Empirical Identification of Conserved Peptides in Vascular Plants

[0133] An empirical mass spectrometric approach was used to identify conserved peptides in pineapple (Ananas comosus), Thale Cress (Arabidopsis thaliana ), Flooded gum (Eucalyptus grandis), bean (Phaseolus vulgaris), native yam (Dioscorea transversa), elkhorn fern (Platycerium bifurcatum), burrawang (Macrozamia communis), loblolly pine (Pinus taeda), tomato (Solanum lycopersicum), waratah (Telopea speciosissima), grape (Vitis Vinifera), and maize (Zea mays). The 12 species were selected to span the diversity of vascular plants (see FIG. 5).
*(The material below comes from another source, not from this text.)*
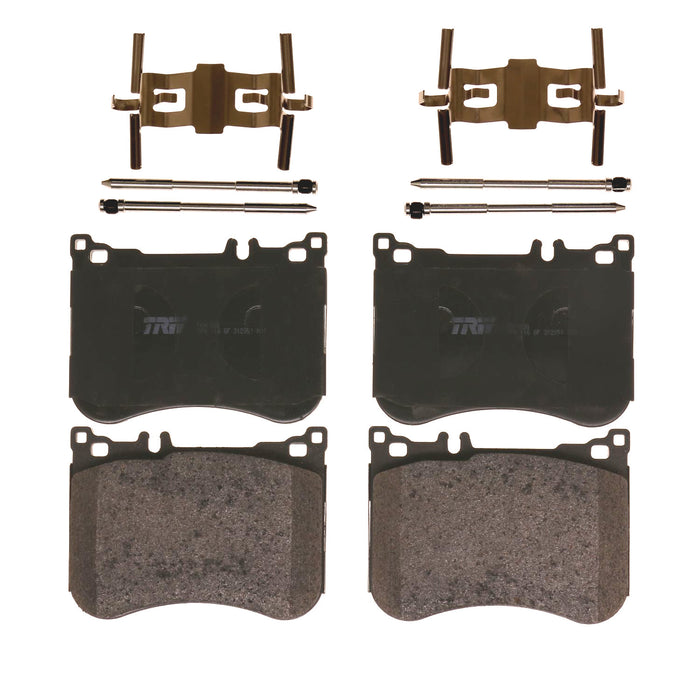 Front Disc Brake Pad Set for Mercedes-Benz S550 2014 - 2017 TRW Pro TRH1688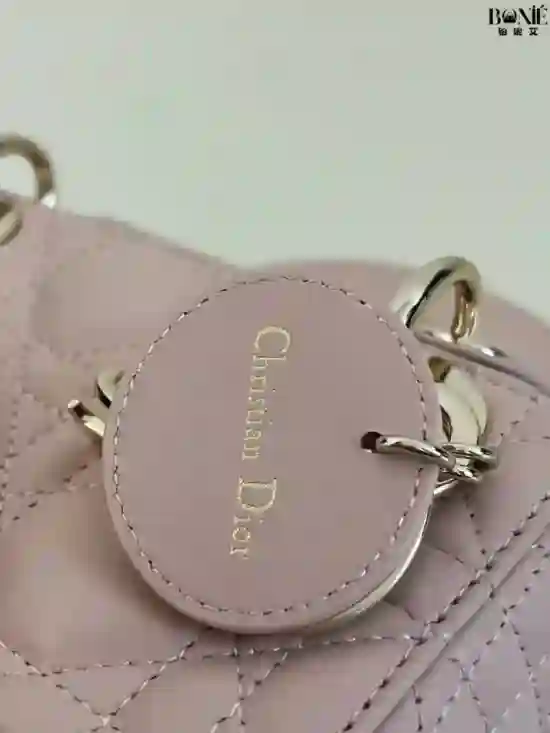 0113 (甜蜜粉) - DIOR Classic Lady 戴妃包 - Image 6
[0134] Briefly, an ion library (SWATH library) was created for Arabidopsis, based on mass spectrometric data from three Arabidopsis leaf samples. Lys-C and trypsin digested protein extracts from the three leaf samples were analyzed on a Sciex 6600 TripleTOF mass spectrometer with a data dependent acquisition method according to Aspinwall et al. (2019), “Range size and growth temperature influence Eucalyptus species responses to an experimental heatwave,” Glob. Chang. Biol. 25:1665-1684. The resulting data were matched to a list of Arabidopsis proteins (available at the arabidopsis.org website, TAIR10) using ProteinPilot (Sciex). The ProteinPilot.group file was used to create a SWATH library in the PeakView SWATH microapp (Sciex) with a peptide FDR of <1%.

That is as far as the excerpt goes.